Different SUP Hull Types

For many people, once you experience riding a paddle board, you want to go out straight away and buy your own. However, when you go to purchase your own SUP, you will soon come to realize that it can be quite a complex process, as there are many different types of paddle boards out there. Most people buy paddle boards for fun and fitness, so the boards are more geared towards leisure use, whilst some people will buy paddle boards for touring or racing, therefore requiring a board that can cover a long distance and reach high speeds with good tracking rather than maneuverability.

The good news is, the hull type, volume, length, width and core materials of SUPs are all customizable, so you can choose a board that is perfect for you. In this article we are going to look at different SUP hull types and why you may choose one rather than the other.

There are three types of hulls, and they are planing hulls, displacement hulls and hybrid hulls. The hull of a paddle board plays a really significant role in determining how the board performs in the water. Beginner paddlers can use either shape well, but there are differences between the hull types that make them more suitable for some activities rather than others.
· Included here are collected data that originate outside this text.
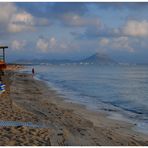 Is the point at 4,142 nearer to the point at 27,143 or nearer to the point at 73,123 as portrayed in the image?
the point at 27,143

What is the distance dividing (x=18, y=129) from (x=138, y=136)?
17.0 ft

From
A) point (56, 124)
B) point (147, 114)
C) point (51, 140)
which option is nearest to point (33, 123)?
point (56, 124)

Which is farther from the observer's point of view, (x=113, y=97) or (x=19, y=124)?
(x=113, y=97)

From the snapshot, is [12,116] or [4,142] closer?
[4,142]

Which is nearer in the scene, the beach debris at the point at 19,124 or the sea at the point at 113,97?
the beach debris at the point at 19,124

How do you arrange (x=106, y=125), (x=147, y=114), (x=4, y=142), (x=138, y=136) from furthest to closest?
1. (x=147, y=114)
2. (x=106, y=125)
3. (x=138, y=136)
4. (x=4, y=142)

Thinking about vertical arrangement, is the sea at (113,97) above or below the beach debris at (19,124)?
below

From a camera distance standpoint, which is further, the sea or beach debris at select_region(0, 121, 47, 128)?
the sea

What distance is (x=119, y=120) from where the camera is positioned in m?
18.7

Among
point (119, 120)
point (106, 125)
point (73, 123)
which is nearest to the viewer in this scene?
point (73, 123)

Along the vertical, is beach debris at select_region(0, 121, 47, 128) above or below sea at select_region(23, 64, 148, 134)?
above

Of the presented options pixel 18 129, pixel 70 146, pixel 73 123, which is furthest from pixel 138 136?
pixel 18 129

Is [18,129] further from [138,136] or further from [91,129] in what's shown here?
[138,136]

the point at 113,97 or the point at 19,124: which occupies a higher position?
the point at 19,124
A planing hull is flat and wide, with a similar appearance to a surfboard. These boards are designed to ride on top of the water, and you should be able to easily maneuver them. These paddle boards are very flat bottomed and have a rounded nose as well as an upwardly curved shape at the front, which allows you to maneuver easily. Boards with planing hulls are well suited to activities like leisure paddling, surfing, SUP yoga and whitewater. If you fancy paddleboarding in the waves, then a paddle board with a planing hull is a great choice as the shape makes it easier to carve through the waves with added stability.
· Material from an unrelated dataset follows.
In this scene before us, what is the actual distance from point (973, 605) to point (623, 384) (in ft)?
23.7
By contrast, paddle boards with displacement hulls have a pointed nose/front end that resembles the shape of a canoe or a kayak. Due to its more streamlined shape, the hull slices through water as the nose pushes the water to the sides of the SUP. This shape improves the paddle board’s efficiency and creates a faster, smoother ride. As well as this, the efficiency of a displacement hull requires you to exert less energy to paddle than with a planing hull which will allow you to paddle for longer distances at a greater speed. They generally track in a nice and straight way; however, they are a little less maneuverable than paddle boards with planing hulls, which makes them less suitable for choppier water.
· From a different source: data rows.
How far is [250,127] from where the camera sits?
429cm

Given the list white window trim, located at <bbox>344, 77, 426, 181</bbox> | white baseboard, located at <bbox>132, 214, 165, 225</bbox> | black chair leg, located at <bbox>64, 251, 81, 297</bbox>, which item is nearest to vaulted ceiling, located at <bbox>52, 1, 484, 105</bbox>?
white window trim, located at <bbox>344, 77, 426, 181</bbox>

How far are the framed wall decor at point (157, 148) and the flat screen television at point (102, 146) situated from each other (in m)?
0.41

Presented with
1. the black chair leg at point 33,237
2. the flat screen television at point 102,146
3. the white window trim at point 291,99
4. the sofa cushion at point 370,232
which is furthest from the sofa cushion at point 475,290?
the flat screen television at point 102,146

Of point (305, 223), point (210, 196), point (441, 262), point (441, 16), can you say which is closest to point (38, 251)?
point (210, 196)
You may choose a paddle board with a displacement hull rather than a planing hull for activities that require more paddling efficiency and higher speeds like fitness paddling, SUP touring/camping and racing. If you live near a lake or pond and will be experiencing mostly flat-water conditions, then a board with a displacement hull is a great choice. The flat-water conditions will allow you to go on longer paddles or even train towards the goal of entering a race, making a board with a displacement hull your best option.

If you would like the ability to paddle board on a variety of water, from small surf to flat water cruises, you may choose to purchase a hybrid SUP. Designed for versatility, a combination hull/hybrid SUP is an attempt to blend the best features of planing and displacement hulls into one board to allow you more speed than a planing hull and a decent experience in all types of water. How

The largest difference between both types of board is that the displacement hull’s aim is to have the water go around the board, whereas the planing hull creates a lift and forces the water underneath.

In terms of speed, the displacement hull is faster and more efficient, whereas the planing hull is slower, albeit more stable. You have to use more energy to build speed when using a paddle board with a planing hull, so this may not be ideal if you are planning to use it for long tours or for racing. Displacement hulls perform the best on smooth water, while planing hulls come into their own on choppier water.

As you can see, there are a number of differences between the two types of hulls, and one is not better than the other. It all comes down to whatever you are doing with the board and where you are using it, although if you want to use it for a variety of activities then a hybrid one may be your best option. You should keep in mind though, that a hybrid board is an all-rounder, so while it performs decently in all areas, it is not amazing at any of them. In the end, it is up to you to choose which type of board you would like, and this decision will be made easier once you know what activities you will be doing, and in what kind of water.